Not necessarily. It's certainly true that investors are increasing the stakes in their wager on rising prices. Funds' net long position in Comex gold futures rose 26 percent over the two weeks through Nov. 1 to 172,532 contracts, the sharpest such climb since the period that ended June 21.
There's an echo in those dates tied to gold's somewhat legendary role as a hedge against uncertainty. June 21 was just two days before the U.K.'s Brexit vote, probably the biggest geopolitical black swan so far this year. Now the world sits on the brink of another high-risk binary vote, and funds are clinging to their usual anchor.
Those who are tempted to think of that mountain of investor bets as bedrock support for the gold price could be in for a rude shock, however.
Funds don't bet on commodites out of a commitment to abstract theory, after all. They're trying either to make money, or to avoid losing it. When prices climb, selling pressure will tend to rise as funds seek to take profits. Falling prices may have the same effect, though, as the same funds struggle to stop losses. In that sense, a big investment position in a commodity is like a high valuation on a stock: Investors will want to see a strong performance to justify their faith, and may punish any disappointment severely.

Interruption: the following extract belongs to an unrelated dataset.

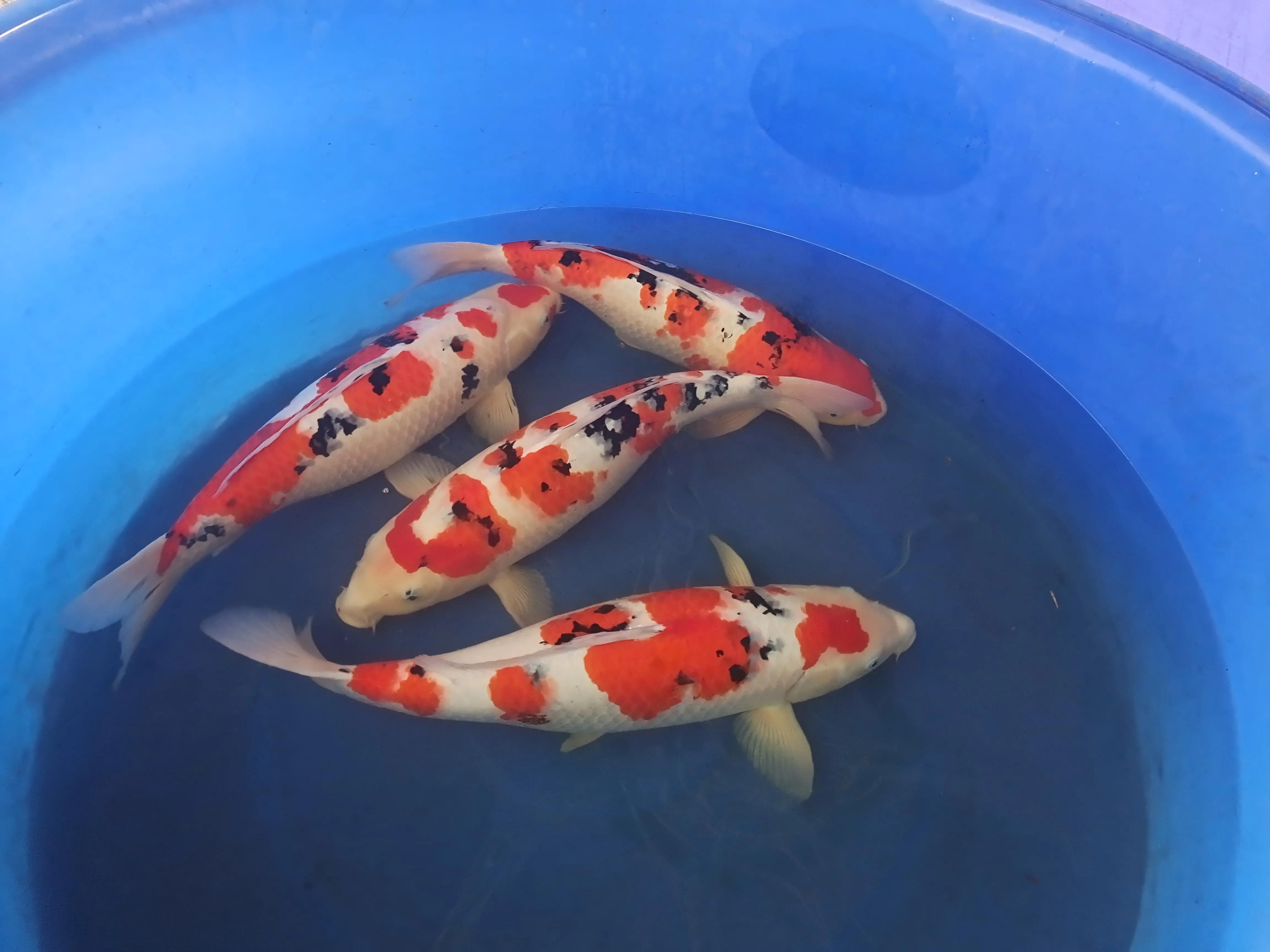 锦鲤繁殖养殖技术,红白锦鲤繁殖视频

Take the previous record high in gold bets until the dramatic rally this year. Had you bought generic next-month gold futures when investor sentiment was at its old peak around Aug. 2, 2011, you'd have lost more than 20 percent by now just on the price movement. Actually, it's worse than that: Futures investors have to roll over their contracts month-to-month, meaning they'll tend to lose money from negative roll yield, particularly on commodities like gold that are in a state of seemingly perpetual contango.
It's a similar picture if you look back to the last spike in investor interest in June. Investors who took the opportunity to cash out in the weeks after the Brexit vote, when the metal surged to a two-year high of $1,374.20 per ounce, came out ahead. Those who held on in the hope the rally would endure ended up under water.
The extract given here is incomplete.